This week in patent news
Microsoft tells corporate customers worldwide that they may need to start using a different version of Office because of a legal setback.
The software maker said it has been forced to issue new versions of Office 2003 and Office XP, which change the way Microsoft's Access database interacts with its Excel spreadsheet.
The move follows a jury verdict last year that found in favor of a patent claim by a Guatemalan inventor. Although existing customers can keep using older versions on current machines, any new installations of Office 2003 will require Service Pack 2, released by Microsoft in September. Office XP will need to be put into use with a special patch applied.
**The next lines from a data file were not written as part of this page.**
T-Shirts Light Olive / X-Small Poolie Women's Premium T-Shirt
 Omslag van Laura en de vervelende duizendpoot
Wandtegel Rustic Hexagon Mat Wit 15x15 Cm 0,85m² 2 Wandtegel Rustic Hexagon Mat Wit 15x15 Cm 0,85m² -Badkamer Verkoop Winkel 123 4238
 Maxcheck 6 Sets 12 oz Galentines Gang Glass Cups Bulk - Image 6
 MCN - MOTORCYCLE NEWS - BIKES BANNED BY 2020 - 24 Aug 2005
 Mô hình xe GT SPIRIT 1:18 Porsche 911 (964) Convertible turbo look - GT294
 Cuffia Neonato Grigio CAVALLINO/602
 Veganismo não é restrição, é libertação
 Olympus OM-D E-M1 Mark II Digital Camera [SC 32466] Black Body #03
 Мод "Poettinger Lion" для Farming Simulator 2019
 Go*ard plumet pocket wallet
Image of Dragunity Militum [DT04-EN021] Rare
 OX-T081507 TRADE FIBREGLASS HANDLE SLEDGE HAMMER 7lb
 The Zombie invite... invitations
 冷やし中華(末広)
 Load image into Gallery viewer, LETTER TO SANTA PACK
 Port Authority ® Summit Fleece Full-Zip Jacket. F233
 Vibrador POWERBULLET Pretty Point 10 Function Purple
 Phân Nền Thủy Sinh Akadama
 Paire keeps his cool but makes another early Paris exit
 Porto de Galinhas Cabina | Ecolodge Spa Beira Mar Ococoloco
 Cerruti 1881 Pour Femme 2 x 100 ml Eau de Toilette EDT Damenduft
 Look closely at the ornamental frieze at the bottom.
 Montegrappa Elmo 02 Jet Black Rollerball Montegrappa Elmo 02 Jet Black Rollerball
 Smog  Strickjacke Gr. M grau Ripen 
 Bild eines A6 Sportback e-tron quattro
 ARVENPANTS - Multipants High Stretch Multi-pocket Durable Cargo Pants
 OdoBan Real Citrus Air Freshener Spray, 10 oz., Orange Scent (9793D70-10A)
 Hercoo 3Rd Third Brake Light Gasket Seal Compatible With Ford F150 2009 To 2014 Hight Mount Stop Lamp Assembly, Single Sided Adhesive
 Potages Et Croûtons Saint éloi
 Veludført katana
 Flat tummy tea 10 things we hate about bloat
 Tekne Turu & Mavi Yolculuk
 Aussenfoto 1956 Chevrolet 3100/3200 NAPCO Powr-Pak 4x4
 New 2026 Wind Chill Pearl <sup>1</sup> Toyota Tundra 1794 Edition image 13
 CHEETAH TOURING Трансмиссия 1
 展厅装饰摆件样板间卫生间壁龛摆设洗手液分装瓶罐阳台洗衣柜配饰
In another patent scuffle, wireless e-mail vendor Visto took aim at a fellow rival to Research In Motion, filing a patent infringement lawsuit against Good Technology. Visto and Good Technology are two of several companies looking to capitalize on the legal problems of RIM, which could see its popular BlackBerry service shut down from its own patent problems with NTP.
Visto is charging that Good Technology's products infringe on four patents it holds for sending data wirelessly over a network. The company is seeking a permanent injunction against the GoodLink software that runs Good's system, the same remedy sought by NTP against RIM's wireless software and services.
Meanwhile, the U.S. Patent and Trademark Office will re-examine the validity of the so-called JPEG patent held by Forgent Networks, an action that could deprive the company of its multimillion-dollar revenue stream. The Patent Office granted the review at the request of the Public Patent Foundation, a nonprofit legal-services foundation that says it is interested in protecting the public against harm caused by patents.
Forgent has become one of the more successful intellectual-property firms to emerge in the last few years. The company acquired U.S. Patent No. 4,698,672 (known as the '672 patent) when it bought Compression Labs in 1997. When the company audited its patents, it began to believe that the '672 patent covered the JPEG compression technique used in digital cameras and PCs.